The reason some financial institutions are fighting the rule is obvious. They’re afraid it will hurt their bottom lines. What they’re not realizing is that their bottom lines face an even bigger threat — a lack of trust among their clients. For example, a recent Gallup poll found that Americans’ confidence in banks has dropped dramatically over the past decade, from 49 percent expressing confidence in 2006 to 27 percent in 2016. 

{mosads}And things aren’t getting better. In just the past few months, Wells Fargo admitted to opening millions of fraudulent accounts on behalf of their customers, Johnny Depp reportedly lost millions by trusting a financial advisor who was not a fiduciary, and Citigroup was fined $18 million for overbilling thousands of its investment clients.

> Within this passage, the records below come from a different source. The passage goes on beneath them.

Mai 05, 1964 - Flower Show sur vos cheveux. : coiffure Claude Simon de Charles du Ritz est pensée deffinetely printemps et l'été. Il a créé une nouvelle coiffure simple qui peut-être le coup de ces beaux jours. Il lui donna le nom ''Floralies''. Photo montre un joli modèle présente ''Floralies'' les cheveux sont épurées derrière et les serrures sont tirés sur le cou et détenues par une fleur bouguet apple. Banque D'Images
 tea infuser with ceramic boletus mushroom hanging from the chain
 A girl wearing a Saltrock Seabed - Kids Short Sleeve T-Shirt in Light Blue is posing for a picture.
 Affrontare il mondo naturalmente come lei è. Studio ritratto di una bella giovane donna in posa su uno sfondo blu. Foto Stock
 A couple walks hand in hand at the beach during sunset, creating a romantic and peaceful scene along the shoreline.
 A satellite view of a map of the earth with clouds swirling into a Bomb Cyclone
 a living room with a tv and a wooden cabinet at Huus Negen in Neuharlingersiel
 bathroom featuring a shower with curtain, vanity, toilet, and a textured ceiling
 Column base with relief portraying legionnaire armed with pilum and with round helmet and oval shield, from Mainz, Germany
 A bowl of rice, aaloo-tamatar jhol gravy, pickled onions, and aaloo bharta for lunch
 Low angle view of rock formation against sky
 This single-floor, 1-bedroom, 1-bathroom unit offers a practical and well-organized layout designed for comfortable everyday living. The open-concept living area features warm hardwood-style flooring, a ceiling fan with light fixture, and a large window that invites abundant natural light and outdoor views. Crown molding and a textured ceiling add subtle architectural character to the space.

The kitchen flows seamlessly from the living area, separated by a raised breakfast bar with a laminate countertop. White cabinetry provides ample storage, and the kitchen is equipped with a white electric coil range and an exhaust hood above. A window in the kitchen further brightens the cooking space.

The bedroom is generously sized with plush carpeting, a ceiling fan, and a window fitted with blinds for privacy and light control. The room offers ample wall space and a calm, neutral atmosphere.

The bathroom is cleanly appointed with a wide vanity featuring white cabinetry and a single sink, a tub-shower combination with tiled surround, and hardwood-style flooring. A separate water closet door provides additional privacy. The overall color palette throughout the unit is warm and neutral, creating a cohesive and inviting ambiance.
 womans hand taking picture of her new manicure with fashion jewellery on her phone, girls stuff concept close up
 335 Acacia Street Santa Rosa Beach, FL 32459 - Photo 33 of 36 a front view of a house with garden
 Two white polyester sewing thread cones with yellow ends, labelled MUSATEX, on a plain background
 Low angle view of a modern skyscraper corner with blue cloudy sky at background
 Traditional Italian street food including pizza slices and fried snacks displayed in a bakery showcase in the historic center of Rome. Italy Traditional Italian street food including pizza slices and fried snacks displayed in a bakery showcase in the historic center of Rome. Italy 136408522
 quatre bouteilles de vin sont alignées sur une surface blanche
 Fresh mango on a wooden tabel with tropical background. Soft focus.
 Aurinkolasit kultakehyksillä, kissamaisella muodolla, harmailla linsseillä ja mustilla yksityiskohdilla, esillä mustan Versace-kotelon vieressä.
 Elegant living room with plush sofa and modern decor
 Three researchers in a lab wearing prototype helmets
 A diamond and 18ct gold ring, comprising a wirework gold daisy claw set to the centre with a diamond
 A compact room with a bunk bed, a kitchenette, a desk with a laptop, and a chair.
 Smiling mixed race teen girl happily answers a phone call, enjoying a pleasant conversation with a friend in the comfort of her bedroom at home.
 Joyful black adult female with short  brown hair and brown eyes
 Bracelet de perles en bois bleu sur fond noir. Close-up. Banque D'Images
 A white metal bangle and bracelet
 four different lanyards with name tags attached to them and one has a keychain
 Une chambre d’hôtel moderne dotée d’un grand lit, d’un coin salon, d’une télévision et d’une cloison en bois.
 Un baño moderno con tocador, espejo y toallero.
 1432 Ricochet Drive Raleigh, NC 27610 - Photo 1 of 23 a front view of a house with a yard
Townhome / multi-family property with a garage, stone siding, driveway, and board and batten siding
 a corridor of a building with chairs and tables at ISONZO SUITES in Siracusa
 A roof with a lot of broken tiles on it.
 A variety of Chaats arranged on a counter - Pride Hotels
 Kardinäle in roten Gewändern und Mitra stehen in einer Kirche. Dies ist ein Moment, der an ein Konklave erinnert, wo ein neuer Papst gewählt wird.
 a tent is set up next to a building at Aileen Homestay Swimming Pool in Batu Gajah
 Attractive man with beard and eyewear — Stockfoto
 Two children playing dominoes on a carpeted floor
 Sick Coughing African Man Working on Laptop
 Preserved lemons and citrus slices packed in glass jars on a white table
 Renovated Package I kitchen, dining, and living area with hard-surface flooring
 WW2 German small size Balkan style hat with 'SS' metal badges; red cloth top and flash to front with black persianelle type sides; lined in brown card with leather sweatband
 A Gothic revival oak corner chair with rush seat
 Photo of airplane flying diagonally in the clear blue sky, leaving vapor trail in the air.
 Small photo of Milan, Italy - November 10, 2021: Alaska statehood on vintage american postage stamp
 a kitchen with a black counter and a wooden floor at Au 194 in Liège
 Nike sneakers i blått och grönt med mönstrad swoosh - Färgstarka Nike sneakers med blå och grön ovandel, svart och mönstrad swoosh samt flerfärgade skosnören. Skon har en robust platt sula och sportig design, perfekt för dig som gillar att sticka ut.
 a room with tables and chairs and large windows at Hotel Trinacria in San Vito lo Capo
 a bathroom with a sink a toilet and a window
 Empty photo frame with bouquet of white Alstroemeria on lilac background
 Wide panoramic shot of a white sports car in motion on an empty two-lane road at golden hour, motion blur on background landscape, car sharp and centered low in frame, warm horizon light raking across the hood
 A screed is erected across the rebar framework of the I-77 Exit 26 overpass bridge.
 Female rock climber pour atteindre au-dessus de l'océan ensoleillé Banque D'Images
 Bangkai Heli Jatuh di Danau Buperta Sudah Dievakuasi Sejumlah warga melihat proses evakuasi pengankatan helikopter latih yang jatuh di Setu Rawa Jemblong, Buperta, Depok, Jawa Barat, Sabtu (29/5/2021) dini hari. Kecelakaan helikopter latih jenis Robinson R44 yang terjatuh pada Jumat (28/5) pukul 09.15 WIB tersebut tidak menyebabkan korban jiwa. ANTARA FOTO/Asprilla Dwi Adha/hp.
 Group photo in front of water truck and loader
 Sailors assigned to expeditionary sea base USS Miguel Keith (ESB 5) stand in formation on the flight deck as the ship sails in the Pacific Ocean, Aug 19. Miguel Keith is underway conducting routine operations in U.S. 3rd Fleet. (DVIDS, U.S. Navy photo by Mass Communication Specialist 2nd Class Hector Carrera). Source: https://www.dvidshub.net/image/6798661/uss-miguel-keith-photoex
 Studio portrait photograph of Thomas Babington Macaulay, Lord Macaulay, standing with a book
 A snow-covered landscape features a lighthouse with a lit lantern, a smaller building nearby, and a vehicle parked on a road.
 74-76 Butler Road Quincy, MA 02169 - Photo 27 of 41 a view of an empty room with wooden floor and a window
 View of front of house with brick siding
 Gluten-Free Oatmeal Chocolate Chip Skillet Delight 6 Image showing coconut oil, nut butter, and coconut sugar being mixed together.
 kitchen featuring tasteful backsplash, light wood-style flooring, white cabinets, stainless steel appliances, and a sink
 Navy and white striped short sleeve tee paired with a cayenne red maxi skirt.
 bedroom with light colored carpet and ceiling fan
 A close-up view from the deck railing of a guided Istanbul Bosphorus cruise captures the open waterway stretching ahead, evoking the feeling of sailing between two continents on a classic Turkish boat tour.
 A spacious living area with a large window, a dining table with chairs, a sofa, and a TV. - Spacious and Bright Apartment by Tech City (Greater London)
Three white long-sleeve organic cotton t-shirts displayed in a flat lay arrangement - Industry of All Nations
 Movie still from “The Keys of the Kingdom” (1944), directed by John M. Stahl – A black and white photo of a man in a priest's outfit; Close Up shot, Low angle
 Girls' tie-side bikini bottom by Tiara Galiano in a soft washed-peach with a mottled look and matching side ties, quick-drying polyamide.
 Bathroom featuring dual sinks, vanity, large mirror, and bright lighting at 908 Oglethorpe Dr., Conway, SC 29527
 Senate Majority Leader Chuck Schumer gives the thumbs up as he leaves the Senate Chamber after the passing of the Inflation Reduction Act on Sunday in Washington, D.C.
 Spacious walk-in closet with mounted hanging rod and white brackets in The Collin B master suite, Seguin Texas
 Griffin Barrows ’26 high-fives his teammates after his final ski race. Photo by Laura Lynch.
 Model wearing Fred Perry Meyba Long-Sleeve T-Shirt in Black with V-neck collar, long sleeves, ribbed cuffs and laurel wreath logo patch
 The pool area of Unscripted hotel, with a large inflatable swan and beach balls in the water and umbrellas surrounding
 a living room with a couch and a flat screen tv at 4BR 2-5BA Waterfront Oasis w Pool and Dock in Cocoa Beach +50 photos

Considering even just those few examples, it’s no surprise that a recent survey by Personal Capital and Nielsen of U.S. consumers shows that people are extremely suspicious of financial advisors. In fact, 70 percent of those surveyed say recent events in the financial industry have made them question the trustworthiness of financial professionals. Nearly one in three believe a financial advisor is likely to take advantage of them.

Perhaps most concerning is that people have a serious lack of knowledge about how advisors work and what they charge. Nearly half of Americans surveyed mistakenly believe that all financial advisors are required by law to always act in their clients’ best interest. Nearly a third of Americans aren’t sure. The same lack of awareness applies to fees. Twenty-one percent of investors know they pay fees on their investment accounts but are not sure how much, while 10 percent don’t even know if they pay anything at all.

The fiduciary rule is a major step in the right direction when it comes to protecting investors, but the rule won’t solve these problems on its own. For starters, the rule comes with plenty of loopholes, as it only applies to retirement accounts, not all investment accounts. It also won’t be fully implemented until Jan. 1, 2018, which means you can expect hordes of lobbyists to spend the rest of the year trying to weaken it.

So what can an investor do to protect their savings while the fate of the rule’s implementation remains up in the air? We believe that the process starts by making sure your advisor is acting in your best interest. You just need to ask one simple question: are you a fiduciary?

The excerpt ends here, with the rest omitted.